The new look for Nissan and its dealers is receiving a solid boost from the growth-minded Nissan Motor Acceptance Corp.
In close alignment with the parent company’s aggressive expansion plans, NMAC is looking at adding insurance products to its present limited portfolio of dealer financing services.
“Currently,” said NMAC President and CEO Katsumi Ishii in an exclusive interview with F&I Management and Technology, “we are concentrating on financing dealership real-estate projects, as well as increasing our floorplanning and retail loan and lease volume.”
“But Nissan and Infiniti dealers have been expressing interest in offering Nissan-brand service contracts and insurance policies for their vehicle sales. We are studying the concept, though no decision on entering this market has been made.”
Outside the Nissan headquarters building in Gardena, Calif., displays of the new Nissan dealership exterior design and signage show where NMAC is pointing its capital-loan funding. The No. 1 Nissan volume dealer in the United States, Universal City Nissan in nearby Los Angeles, has employed the modernized design on its new dealership, as have UnitedAuto Group’s DiFeo Nissan in Jersey City, N.J., and the Van Tuyl Group’s Trophy Nissan in Mesquite, Texas.
Ishii, 47, is a finance expert who has led NMAC on a conservative growth program since financial crises hit the U.S. company in the mid-1990s and the parent organization in Japan in the late 1990s. Previously vice-president for finance of Nissan North America, which he joined in 1990 after 13 years in finance with Nissan Motor Company in Tokyo, Ishii recalls the losses sustained by inflated lease residual values on Infiniti and Maxima cars.
“It was a disaster,” he declared. “We had taken back something like 52,000 offlease vehicles. Never again, we said. Now, after taking a very cautious stand on setting the residuals, our offlease inventory was only about 10,000 units, out of 80,000, that went offlease in 2001, which was much more manageable.”
Ishii works closely with the Nissan and Infiniti dealer councils and hears the members voice their needs to be competitive on leases and incentives. But he argues that dealer satisfaction is enhanced by remaining consistent on credit decisions – a stand NMAC took in passing on the “zero percent” wave of loan offers this past fall.
“Offering competitive products certainly is important,” he told F&I Management and Technology Magazine, “but we can’t compromise on our goal of protecting the business and its profitability.”
The parent company’s financial plight in 1997 and 1998 led to the takeover by Renault, which in turn has resulted in a reinvigorated product development program and first-half profits in the current fiscal year.

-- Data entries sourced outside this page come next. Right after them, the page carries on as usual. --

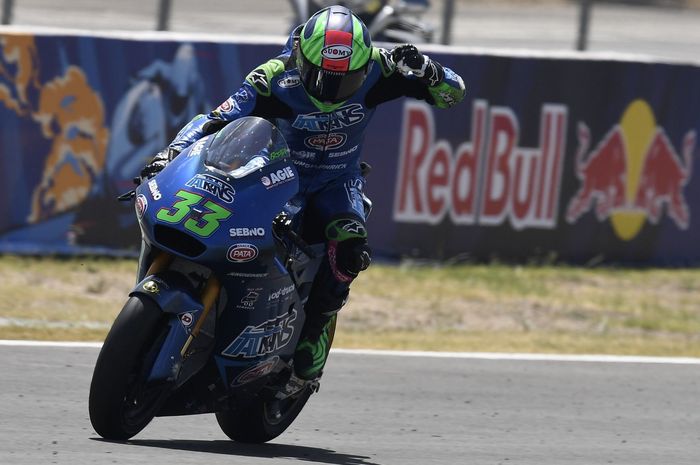 Enea Bastianini menang Moto2 Ceko 2020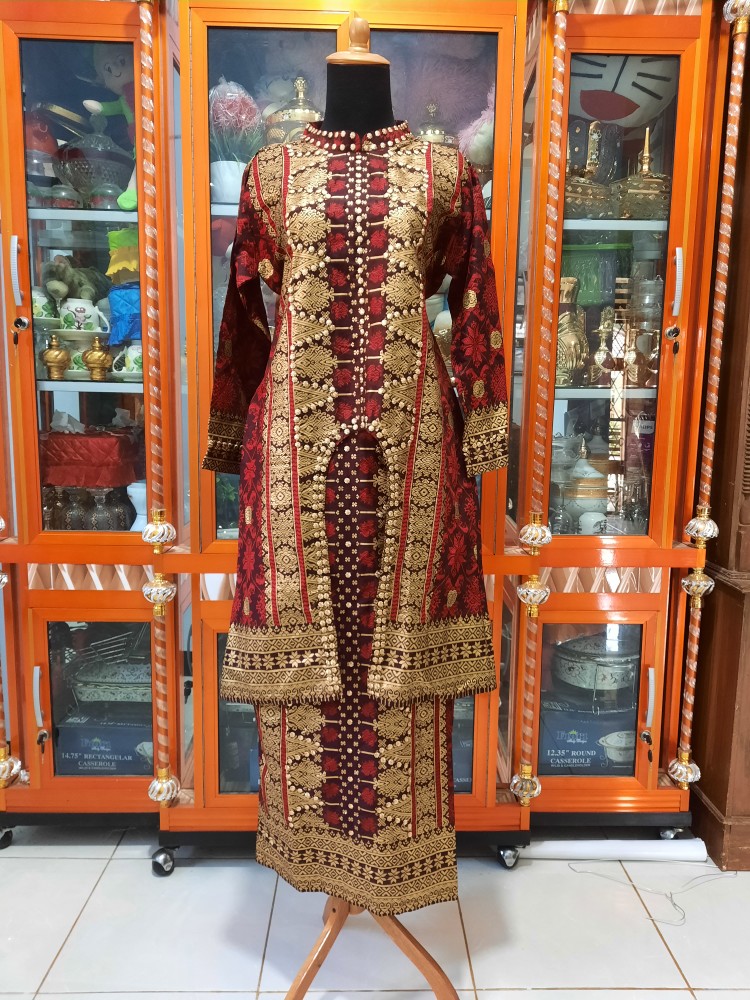 Setelan Batik Songket Palembang Mewah & Elegant Couple Keluarga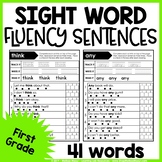 First Grade Sight Word Fluency Sentences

“We’re looking at the long range for the 1,100 Nissan and 150 Infiniti dealers, and they’re fully supportive of that,” contends Ishii, who joined Nissan as a cost analyst in 1977 after graduation from Tokyo’s Keio University. He majored there in economics and has a master’s degree from the University of Illinois.

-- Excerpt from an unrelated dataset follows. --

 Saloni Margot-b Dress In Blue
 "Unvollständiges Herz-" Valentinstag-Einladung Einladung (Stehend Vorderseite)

“We recognize that longtime Nissan dealers have been loyal to us through thick and thin – and we want to share with them in updating their buildings and improving their customer satisfaction ratings and repeat buying scores.”

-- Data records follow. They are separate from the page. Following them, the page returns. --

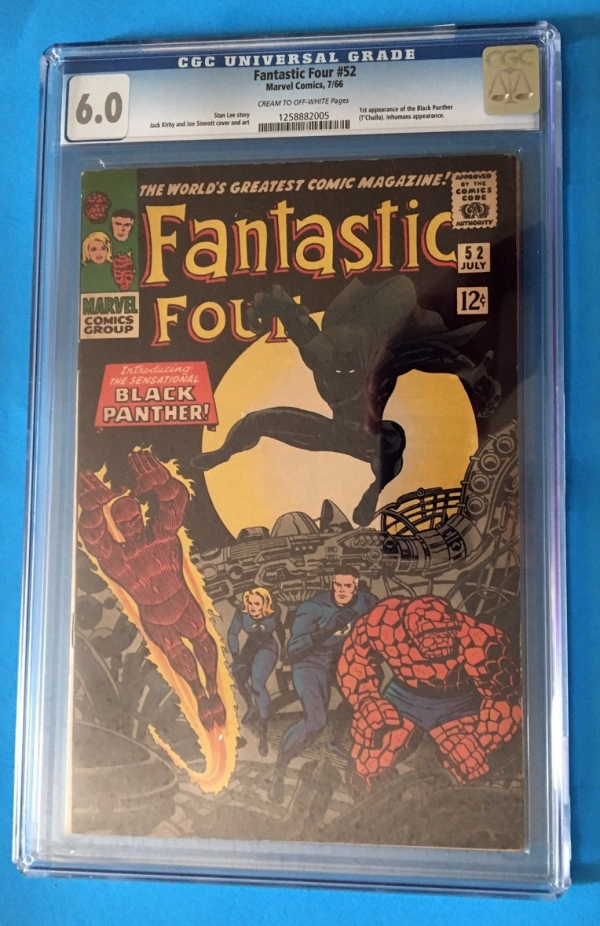 Fantastic Four 52 CGC 60 1st Black Panther Kirby Silver Age Marvel Comic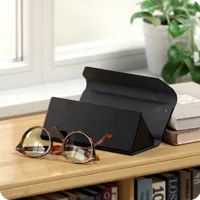 Satechi FindAll vegan-leather glasses case with FindMy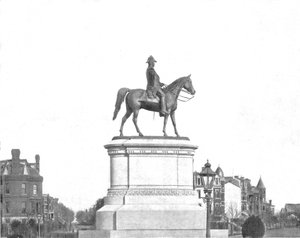 ウィンフィールドスコット像、ワシントンDC、アメリカ合衆国、c1900。 作： Unbekannt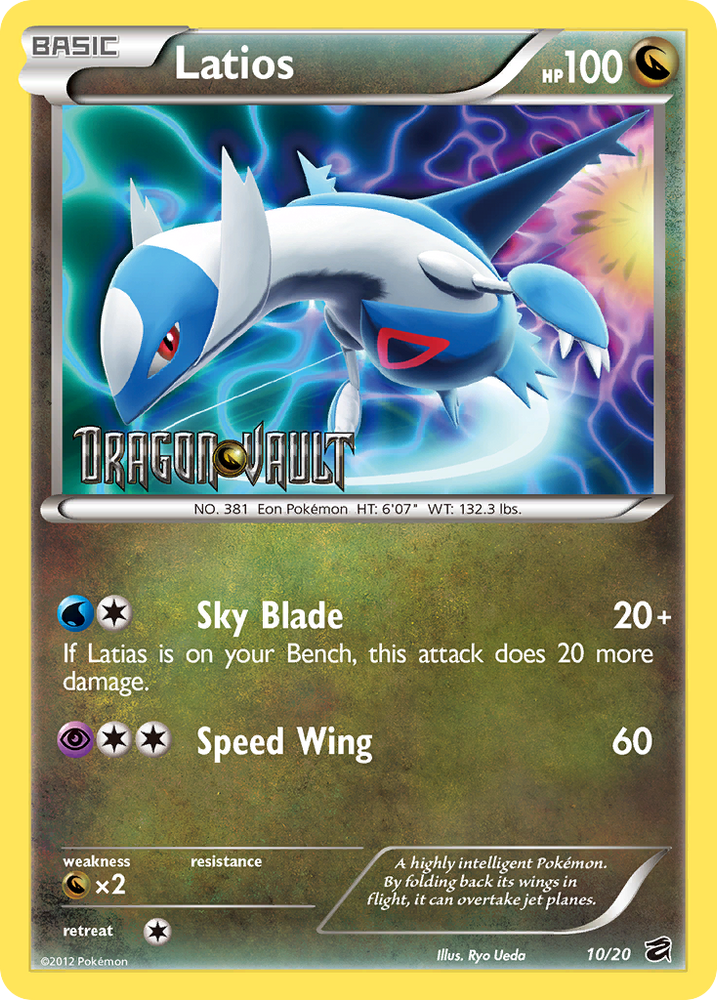 Pokemon | Latios (10/20) (Blister Exclusive) [Black & White: Dragon Vault] | The Nerd Mechant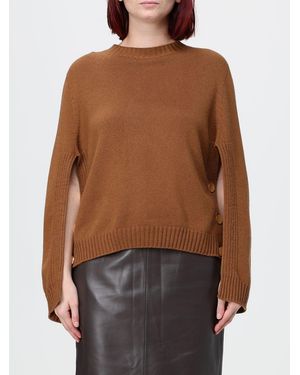 Alberta Ferretti Crew Neck Cardigan - Brown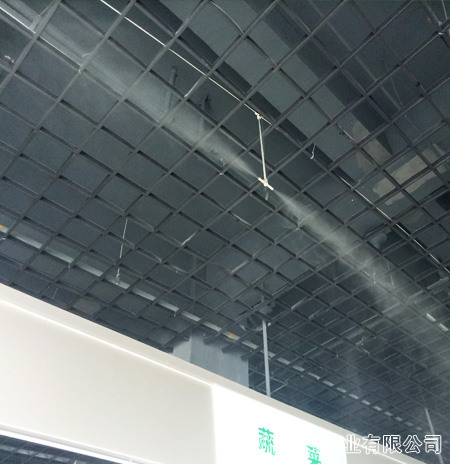 极悦娱乐喷雾降温设备安装图片4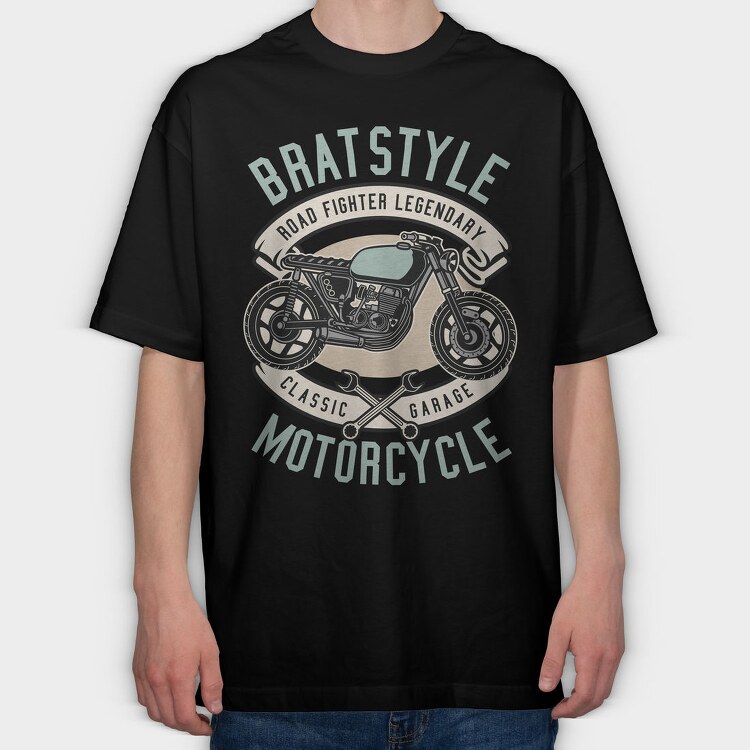 Brat Style Road Fighter, Tricou Oversize Barbati (Unisex)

To cement dealer relations, NMAC has established a four-dealer task force to advise Ishii on marketing problems as they occur. Dealer council chairmen Pat Hoban, of Atlanta, for Nissan, and Warren Zinn, of Miami, for Infiniti, are consulted frequently as well.
One controversial area for smaller-volume dealers still is in the “pending” stage at Nissan – an honors award program like Ford’s Blue Oval, Chrysler Group’s Five Star and the one being piloted by Nissan archrival Toyota Motor Sales USA.
“It’s important to recognize top-performing dealers,” says Ishii, who became president and CEO of NMAC early in 2000. “But we’ve made no decision yet on when our program will roll out.”
NMAC has 500 employees at its Dallas operations center and 100 in its Gardena headquarters, up the road from Nissan North America’s building in Torrance, Calif. The captive lender was incorporated in November, 1981, and began its dealer coverage the following spring in Orange County, Calif.
Ishii says that penetration rates among Nissan and Infiniti dealers are growing, with 300 doing their floorplanning with NMAC, and retail Nissan financing penetration at 40 percent for loans and 10 percent for leases. Infiniti’s lease penetration with NMAC’s Infiniti Financial Services ranges from 60 to 80 percent, according to Ishii.